1) First of all change is not nessesary - because within the current "comment
directive convention" the tooling needs can be achived. Even more so - they
can be achived without changing the current spec of the language.

2) As I learned during this discussion there are "comment directive
convention" that are older as go 1.4. I could imaging they play a role deep
inside the go tooling. i.e. I could imaging that the cgo stuff has some deep
roots. It would some work to change all occurences - that is glass clear -
because even now there are legacy directives // +build //link that are not
updated to the "new convention" //go: foo

3) I dont know about the internal mechanism that the go team needs to observce
to change the spec of a language, that is perhaps in wide productive use
within the google. But i can imagin there is procedure. Changing the spec
meight just not be possible before Go 2.0 because of policy.

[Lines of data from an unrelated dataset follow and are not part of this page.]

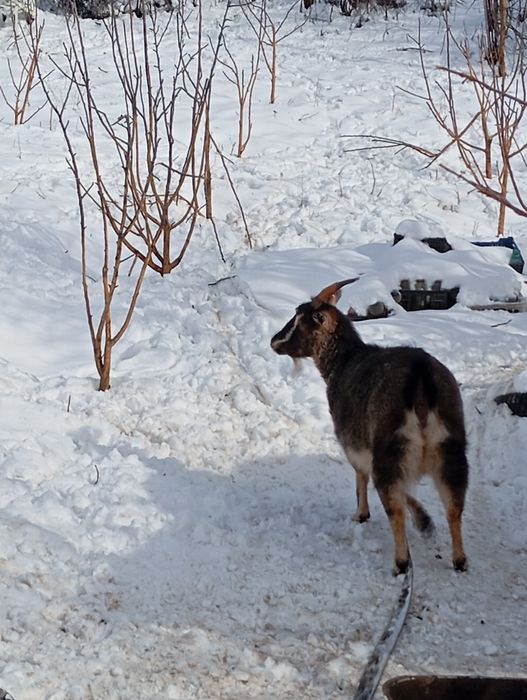 Козы породистые ,молочные.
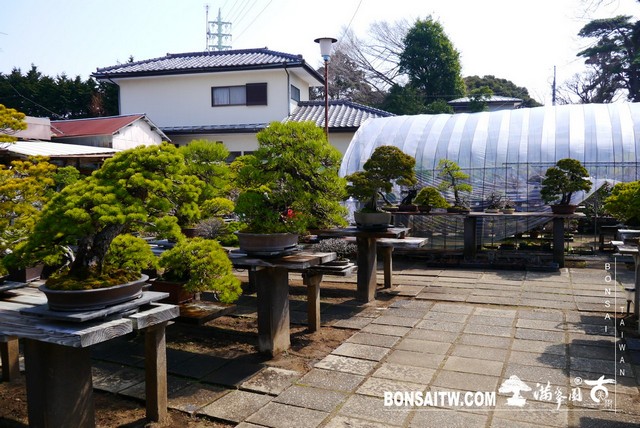 P1400198 [建築與空間]藤樹園 建築與空間(architecture and space)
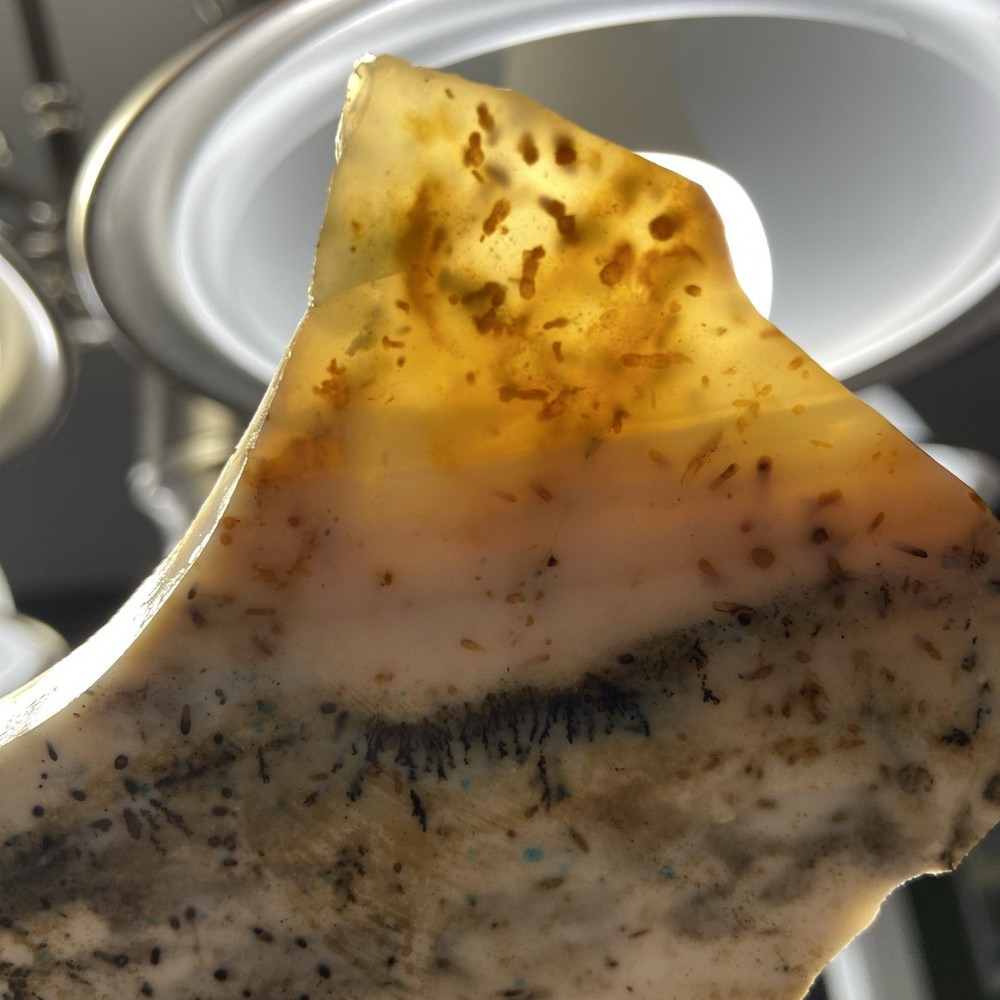 Dendrite Opal Rough Slab Unique Patterns 4.46 Oz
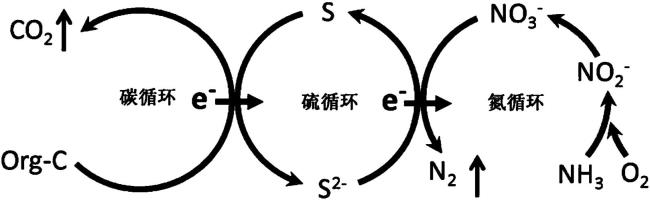 为什么硫单质与铜反应会生成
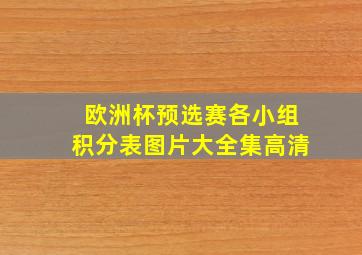 欧洲杯预选赛各小组积分表图片大全集高清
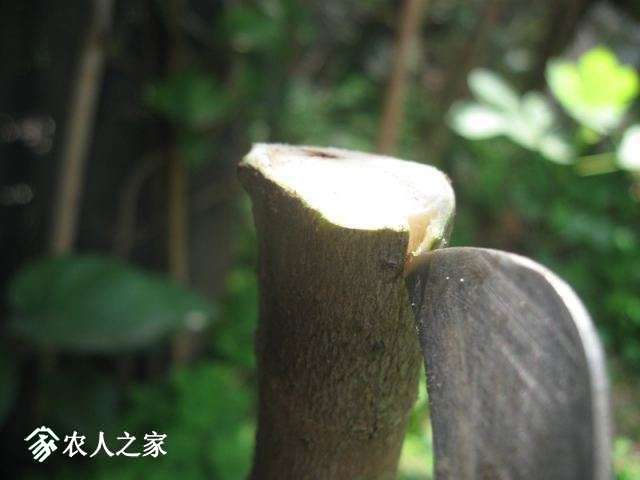 114049dg46bvz42dq66id4.jpg
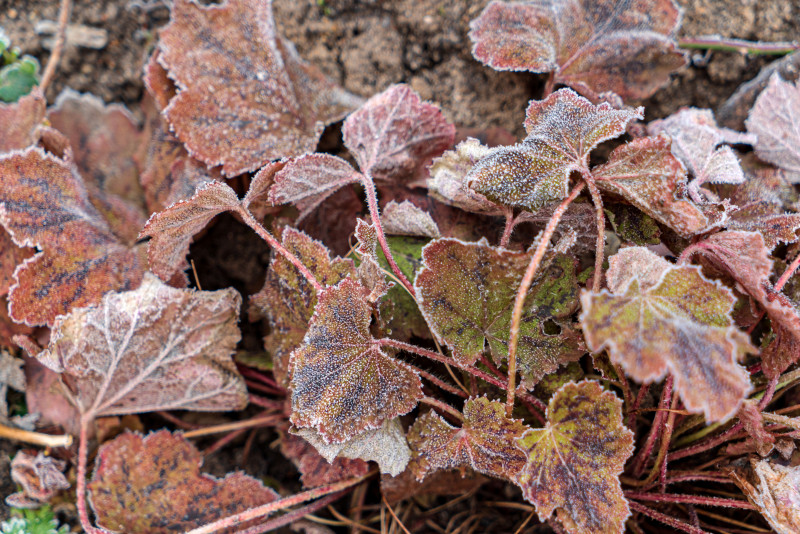 Liście żurawek pokryte szronem w ogrodzie – rośliny Heuchera w czasie zimowego spoczynku.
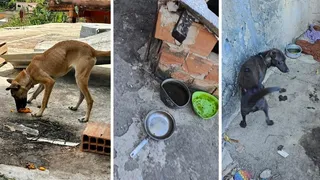 Imagem ilustrativa da imagem Quatro cães são resgatados e homem é preso por maus-tratos em Vitória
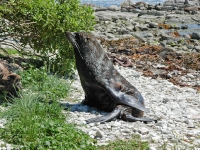 Point Kean Seal Colony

4) It meight not be desired to introduce something that smells like a macro
language into the code. There meight be some animosity againt it - give the
clean code philosopy that Go aimes for.

No, i dont realy believe that. I am Sorry to have accused! On contrary: The
yacc tool gives great power to expand the language. But yacc is a heavy
lifting tool and not something like a macro every one could use. Its also not
part of the spec, just given as magic comment - no prommise made.

5) One counter argument that is invalid: I am pretty sure the go team cares
about semantic. :-) All programmers do breath semantic. Of course there are
different tastes.

6) You basicly cant prevent magic... in comments or otherwise its the reason
its called magic.

7) those commented directives can stay in all levels of the build process -
without adaptions of the spec. This means tools have the potential to hook on
source, on ast, etc.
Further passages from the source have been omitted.